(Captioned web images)
"""

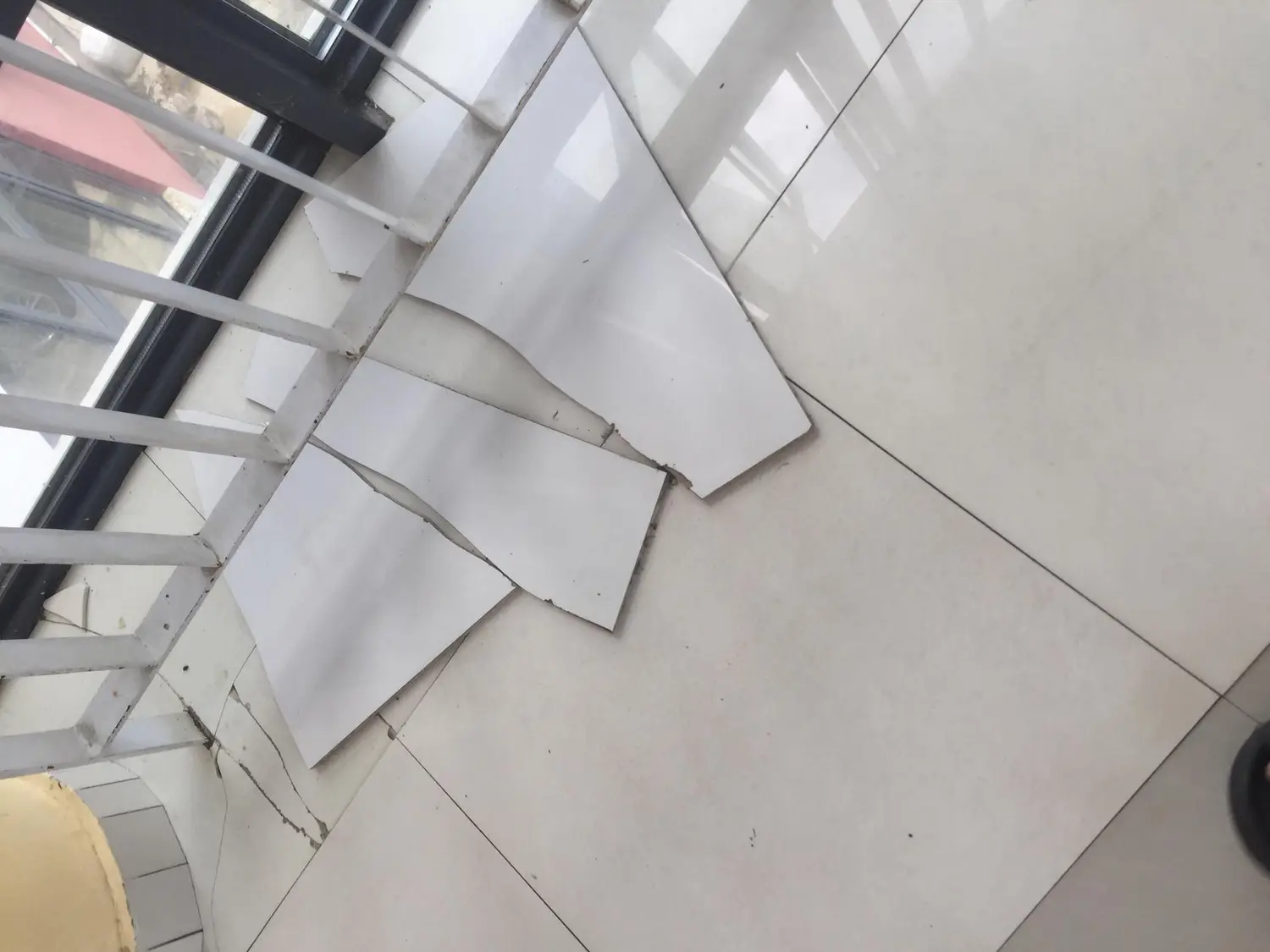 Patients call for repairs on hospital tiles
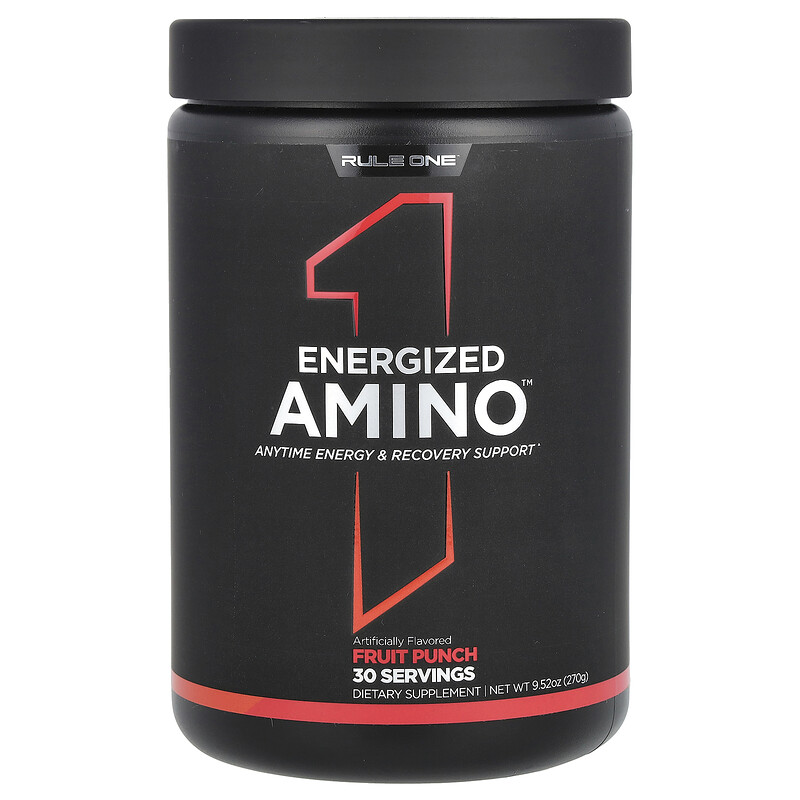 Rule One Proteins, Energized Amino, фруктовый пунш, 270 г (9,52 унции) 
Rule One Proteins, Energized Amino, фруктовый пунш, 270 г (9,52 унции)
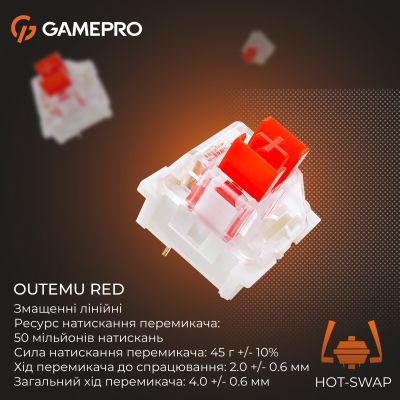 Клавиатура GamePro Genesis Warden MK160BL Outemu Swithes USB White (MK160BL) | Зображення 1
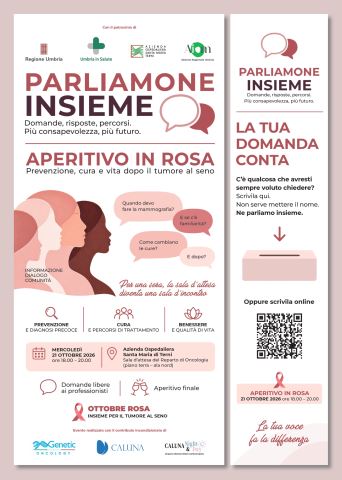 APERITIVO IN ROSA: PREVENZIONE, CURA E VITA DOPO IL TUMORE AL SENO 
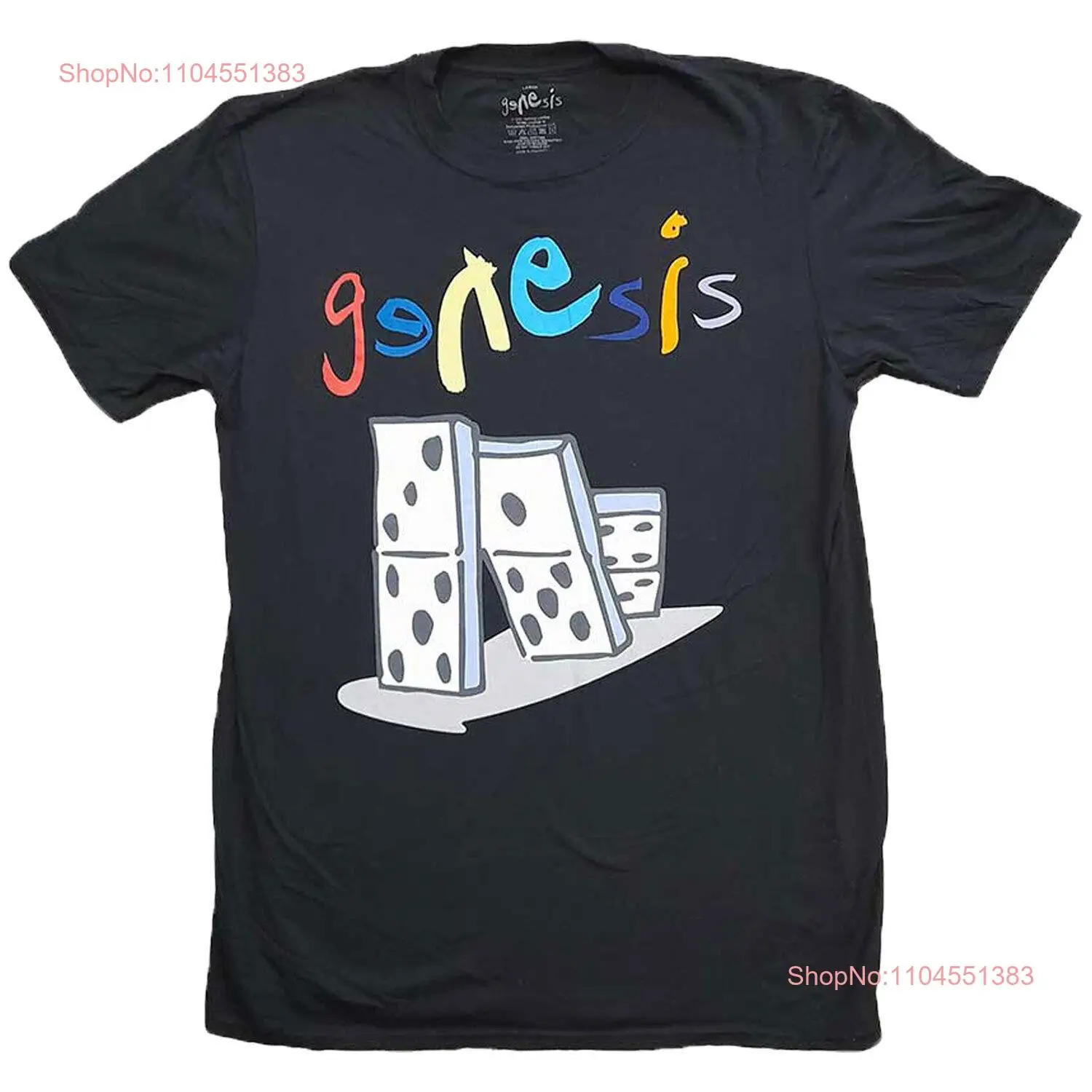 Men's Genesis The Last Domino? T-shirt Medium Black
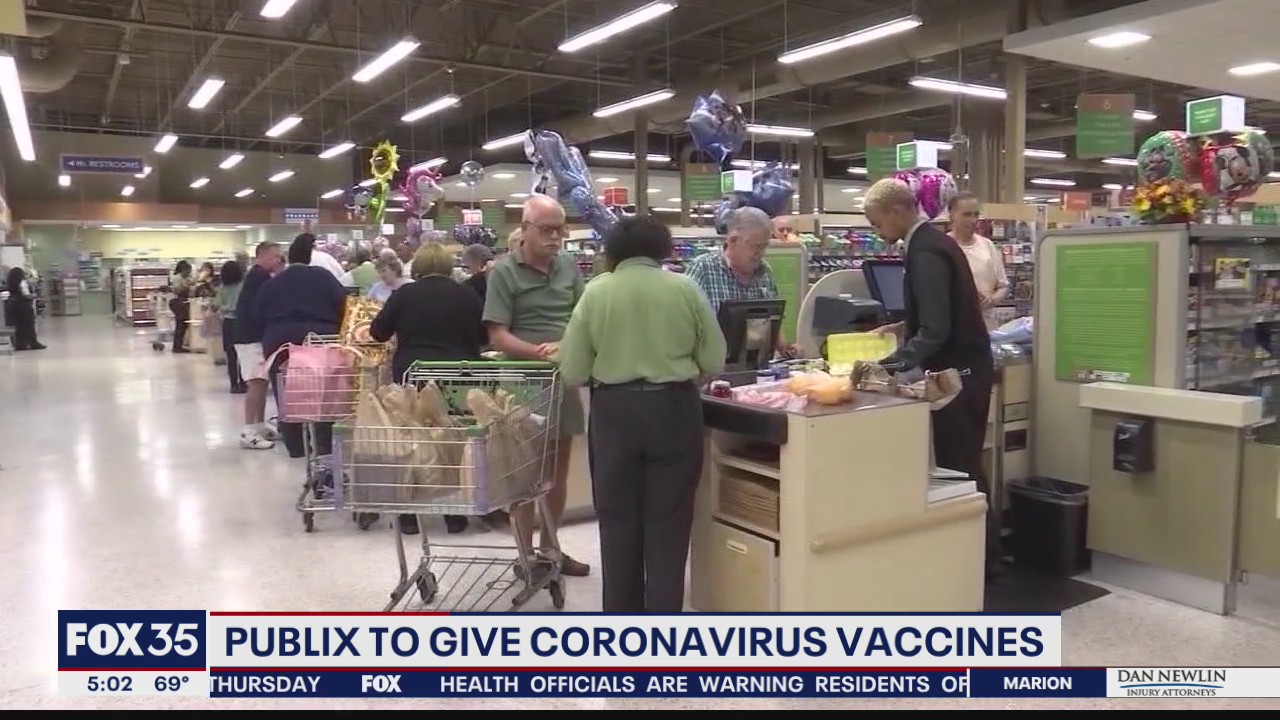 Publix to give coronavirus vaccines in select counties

"""

= TASK REQUIREMENTS =
The line that contains "Клавиатура GamePro Genesis" opens the part to copy, and the last line of the records closes it; set down those lines exactly, pictures excluded.

= RESPONSE TO THIS EXERCISE =
 Клавиатура GamePro Genesis Warden MK160BL Outemu Swithes USB White (MK160BL) | Зображення 1
 APERITIVO IN ROSA: PREVENZIONE, CURA E VITA DOPO IL TUMORE AL SENO 
 Men's Genesis The Last Domino? T-shirt Medium Black
 Publix to give coronavirus vaccines in select counties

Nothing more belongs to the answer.